Der Tag ohne Abend/The Day without Evening is a short story which alludes to the life of Evariste Galois and to Augustine's theology. Perutz' protagonist is called Georges Durval, he lives at the beginning of the 20th century in Vienna as a dandy. Not before he is challenged to a duel he recognizes that he is destined to do mathematics and starts working obsessively on a specific mathematical problem. At the day of the duel, he finishes his solution, right before he is shot to death. Quoting Augustine's "Confessions" the narrators states: This day had no evening, and he adds a somehow surprising hypothesis concerning the meaning of the story: "The story of George Durval had to be told. Sometimes it seems to me as if it gives in insight into the economy of the world. It is questionable whether the early deceased of the sciences, of art and of literature, Puschkin for example or Lassalle or Lord Byron, would have added a single line to their life's work if death had passed them. Perhaps fate recalls only humans, who have to give nothing more, who have reached the end and are empty and burned out." After that we learn that an academic society is concerned with the collection and publication of the scientific papers of Durval, a work that will never be finished, because in the final hours of his life Durval running out of time wrote his insights on a check, a coffee table, and on a small piece of paper which is blown away by the wind.

In my opinion it is the best story written about Galois.

Leo Perutz was a trained mathematician who worked for an insurance company before he had his first success as literary writer.
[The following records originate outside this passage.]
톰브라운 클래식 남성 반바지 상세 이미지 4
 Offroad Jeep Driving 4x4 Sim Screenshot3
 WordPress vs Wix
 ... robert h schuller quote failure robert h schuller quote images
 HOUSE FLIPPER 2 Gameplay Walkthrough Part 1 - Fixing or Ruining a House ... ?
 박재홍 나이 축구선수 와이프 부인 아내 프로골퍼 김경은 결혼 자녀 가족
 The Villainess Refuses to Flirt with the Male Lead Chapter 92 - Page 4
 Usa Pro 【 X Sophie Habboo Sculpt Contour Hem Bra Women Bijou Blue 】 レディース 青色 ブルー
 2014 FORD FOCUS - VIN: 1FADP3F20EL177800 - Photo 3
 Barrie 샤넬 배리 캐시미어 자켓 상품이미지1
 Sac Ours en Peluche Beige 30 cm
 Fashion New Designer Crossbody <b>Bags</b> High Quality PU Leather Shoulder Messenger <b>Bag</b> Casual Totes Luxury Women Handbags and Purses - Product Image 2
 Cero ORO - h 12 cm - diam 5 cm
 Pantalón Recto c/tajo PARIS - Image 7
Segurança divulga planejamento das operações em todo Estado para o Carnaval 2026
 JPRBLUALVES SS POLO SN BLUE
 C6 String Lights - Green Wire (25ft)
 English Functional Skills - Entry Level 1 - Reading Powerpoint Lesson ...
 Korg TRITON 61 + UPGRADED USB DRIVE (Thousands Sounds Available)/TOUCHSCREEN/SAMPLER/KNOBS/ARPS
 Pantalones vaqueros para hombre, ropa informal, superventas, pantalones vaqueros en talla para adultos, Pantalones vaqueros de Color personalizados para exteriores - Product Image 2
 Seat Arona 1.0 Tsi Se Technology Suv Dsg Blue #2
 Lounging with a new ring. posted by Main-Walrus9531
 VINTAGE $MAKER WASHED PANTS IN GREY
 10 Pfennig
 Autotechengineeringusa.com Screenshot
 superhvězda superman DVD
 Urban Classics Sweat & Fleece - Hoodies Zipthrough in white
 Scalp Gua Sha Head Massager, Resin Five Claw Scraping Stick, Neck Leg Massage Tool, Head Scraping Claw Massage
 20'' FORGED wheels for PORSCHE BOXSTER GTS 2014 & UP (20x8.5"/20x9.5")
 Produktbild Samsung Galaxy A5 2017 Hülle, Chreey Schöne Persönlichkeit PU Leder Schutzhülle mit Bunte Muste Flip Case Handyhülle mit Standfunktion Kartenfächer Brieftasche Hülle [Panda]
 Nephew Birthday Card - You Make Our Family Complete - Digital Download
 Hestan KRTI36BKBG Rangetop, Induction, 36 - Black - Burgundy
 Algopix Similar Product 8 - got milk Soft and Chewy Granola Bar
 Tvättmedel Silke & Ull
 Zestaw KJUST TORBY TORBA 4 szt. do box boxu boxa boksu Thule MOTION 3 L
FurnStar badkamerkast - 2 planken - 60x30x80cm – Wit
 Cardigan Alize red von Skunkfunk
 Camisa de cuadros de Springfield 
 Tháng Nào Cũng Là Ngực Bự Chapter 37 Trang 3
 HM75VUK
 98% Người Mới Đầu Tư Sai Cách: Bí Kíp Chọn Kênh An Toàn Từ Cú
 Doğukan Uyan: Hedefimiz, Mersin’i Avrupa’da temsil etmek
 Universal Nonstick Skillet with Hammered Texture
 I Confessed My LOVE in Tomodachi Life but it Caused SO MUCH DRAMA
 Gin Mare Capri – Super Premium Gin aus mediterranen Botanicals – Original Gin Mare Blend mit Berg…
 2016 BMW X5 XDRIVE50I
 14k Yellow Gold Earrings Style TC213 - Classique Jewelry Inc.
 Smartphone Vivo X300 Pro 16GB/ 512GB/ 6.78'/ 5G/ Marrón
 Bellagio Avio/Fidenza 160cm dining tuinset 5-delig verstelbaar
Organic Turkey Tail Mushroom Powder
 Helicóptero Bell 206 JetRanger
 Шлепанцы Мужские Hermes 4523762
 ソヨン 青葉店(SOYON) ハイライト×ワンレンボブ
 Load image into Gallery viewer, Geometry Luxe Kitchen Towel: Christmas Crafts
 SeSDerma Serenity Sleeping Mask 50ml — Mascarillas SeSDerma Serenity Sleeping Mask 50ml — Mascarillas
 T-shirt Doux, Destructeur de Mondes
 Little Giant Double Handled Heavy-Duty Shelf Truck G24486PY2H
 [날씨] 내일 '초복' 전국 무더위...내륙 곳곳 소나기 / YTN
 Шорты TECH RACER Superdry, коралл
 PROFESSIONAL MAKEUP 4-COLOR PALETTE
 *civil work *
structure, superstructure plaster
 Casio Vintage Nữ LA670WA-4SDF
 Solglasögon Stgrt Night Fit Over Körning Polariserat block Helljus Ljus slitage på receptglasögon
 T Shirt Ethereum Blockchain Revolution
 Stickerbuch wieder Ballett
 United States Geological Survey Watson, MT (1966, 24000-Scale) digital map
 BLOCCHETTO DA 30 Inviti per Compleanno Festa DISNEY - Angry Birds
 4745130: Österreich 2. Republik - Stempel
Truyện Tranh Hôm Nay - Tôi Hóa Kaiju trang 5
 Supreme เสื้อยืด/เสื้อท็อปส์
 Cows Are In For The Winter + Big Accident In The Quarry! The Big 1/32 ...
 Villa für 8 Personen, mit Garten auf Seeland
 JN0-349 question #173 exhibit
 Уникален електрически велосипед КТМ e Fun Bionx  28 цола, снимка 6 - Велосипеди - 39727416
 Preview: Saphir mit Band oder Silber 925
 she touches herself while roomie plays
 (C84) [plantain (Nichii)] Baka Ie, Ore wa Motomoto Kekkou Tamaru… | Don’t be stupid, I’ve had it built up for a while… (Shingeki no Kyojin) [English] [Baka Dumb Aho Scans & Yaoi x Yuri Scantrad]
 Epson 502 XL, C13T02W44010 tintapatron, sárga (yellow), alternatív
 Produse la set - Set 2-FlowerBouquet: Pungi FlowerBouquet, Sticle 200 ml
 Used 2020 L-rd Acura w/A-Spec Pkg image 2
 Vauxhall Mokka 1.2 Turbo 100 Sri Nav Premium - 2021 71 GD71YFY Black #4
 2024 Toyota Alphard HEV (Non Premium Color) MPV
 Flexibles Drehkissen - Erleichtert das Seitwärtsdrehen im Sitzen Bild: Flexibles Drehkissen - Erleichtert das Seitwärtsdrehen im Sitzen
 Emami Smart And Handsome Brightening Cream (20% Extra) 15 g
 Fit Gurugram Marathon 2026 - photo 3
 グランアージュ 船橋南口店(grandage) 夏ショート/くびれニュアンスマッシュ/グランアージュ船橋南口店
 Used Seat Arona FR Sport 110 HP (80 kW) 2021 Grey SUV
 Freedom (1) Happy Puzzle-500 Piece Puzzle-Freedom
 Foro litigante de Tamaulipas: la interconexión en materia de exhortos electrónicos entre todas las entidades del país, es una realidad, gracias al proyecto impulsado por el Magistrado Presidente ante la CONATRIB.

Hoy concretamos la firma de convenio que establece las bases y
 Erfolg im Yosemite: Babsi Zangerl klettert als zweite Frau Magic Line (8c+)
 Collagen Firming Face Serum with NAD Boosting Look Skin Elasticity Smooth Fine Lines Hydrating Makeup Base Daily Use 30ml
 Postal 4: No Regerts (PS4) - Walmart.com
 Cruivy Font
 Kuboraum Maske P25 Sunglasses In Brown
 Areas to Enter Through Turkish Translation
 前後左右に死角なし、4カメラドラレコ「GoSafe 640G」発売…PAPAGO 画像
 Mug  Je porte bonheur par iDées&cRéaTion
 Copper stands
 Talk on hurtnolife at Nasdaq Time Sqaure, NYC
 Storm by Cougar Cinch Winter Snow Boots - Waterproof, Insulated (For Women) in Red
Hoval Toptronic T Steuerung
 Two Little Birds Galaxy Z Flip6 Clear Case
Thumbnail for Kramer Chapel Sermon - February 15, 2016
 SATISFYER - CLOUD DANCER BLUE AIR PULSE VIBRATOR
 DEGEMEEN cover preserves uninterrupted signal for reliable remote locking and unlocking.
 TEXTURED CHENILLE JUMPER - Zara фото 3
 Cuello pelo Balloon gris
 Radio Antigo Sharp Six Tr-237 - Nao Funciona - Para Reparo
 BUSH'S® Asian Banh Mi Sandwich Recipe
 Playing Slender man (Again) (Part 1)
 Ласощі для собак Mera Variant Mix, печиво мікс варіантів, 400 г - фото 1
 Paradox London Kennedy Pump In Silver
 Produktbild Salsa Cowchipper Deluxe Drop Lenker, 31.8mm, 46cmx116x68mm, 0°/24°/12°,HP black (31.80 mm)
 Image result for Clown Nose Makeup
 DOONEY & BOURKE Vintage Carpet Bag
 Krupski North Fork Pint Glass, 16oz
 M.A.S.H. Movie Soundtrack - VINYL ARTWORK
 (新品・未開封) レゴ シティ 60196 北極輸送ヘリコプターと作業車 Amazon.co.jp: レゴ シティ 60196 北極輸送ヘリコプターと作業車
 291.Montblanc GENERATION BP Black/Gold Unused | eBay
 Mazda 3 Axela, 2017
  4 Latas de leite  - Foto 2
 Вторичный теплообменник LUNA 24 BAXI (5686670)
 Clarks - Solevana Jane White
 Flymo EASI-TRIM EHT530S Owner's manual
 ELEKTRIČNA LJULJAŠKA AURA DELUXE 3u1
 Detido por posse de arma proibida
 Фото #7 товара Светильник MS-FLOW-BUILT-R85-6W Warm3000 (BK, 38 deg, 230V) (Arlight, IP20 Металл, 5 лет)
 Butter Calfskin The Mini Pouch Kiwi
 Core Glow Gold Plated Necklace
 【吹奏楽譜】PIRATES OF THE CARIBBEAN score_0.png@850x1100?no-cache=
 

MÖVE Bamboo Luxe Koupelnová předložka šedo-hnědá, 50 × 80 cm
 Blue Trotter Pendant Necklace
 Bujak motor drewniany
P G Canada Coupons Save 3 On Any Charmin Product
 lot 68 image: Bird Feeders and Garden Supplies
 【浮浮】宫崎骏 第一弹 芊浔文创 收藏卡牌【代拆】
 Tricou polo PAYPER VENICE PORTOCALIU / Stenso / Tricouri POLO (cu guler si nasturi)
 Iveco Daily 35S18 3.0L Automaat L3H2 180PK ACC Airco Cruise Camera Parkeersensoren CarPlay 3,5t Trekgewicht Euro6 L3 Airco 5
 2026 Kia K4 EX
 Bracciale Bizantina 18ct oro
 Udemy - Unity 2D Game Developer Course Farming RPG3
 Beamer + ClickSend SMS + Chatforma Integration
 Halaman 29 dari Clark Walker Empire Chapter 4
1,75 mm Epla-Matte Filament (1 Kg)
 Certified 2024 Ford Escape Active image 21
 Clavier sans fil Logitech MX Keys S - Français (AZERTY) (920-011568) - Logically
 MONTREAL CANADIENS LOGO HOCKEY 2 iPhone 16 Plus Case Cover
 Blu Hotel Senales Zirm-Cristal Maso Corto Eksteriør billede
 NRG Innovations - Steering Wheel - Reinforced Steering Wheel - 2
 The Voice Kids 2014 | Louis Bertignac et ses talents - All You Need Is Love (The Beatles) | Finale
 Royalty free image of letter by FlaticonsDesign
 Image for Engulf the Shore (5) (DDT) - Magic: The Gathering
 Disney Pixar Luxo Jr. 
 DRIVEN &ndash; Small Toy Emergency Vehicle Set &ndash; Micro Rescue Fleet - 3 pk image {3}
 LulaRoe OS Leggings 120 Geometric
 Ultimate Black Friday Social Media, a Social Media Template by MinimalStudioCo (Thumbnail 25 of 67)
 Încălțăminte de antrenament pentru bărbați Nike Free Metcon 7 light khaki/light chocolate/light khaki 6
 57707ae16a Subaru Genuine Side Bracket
He had to leave Austria because of the National Socialists, but he returned in 1950.

It was written in 1924 and was published for the first time in 1925 in two journals: Hamburger Nachrichten Vol. 134 (1925) and in an Austrian journal which is still not found.

There is a funny episode following the publication: Two Austrian mathematicians (Gustav Bergmann and Hans Weisz) wrote a letter to Perutz and asked him whether his narrative had a real background... the letter is still in the "Nachlass".

It can be found in the anthology of Perutz stories "Herr, erbame dich meiner" which was originally published in 1930 by Phaidon-verlag and was reprinted by Zsolnay in 1985.

More information about this work can be found at www.amazon.com.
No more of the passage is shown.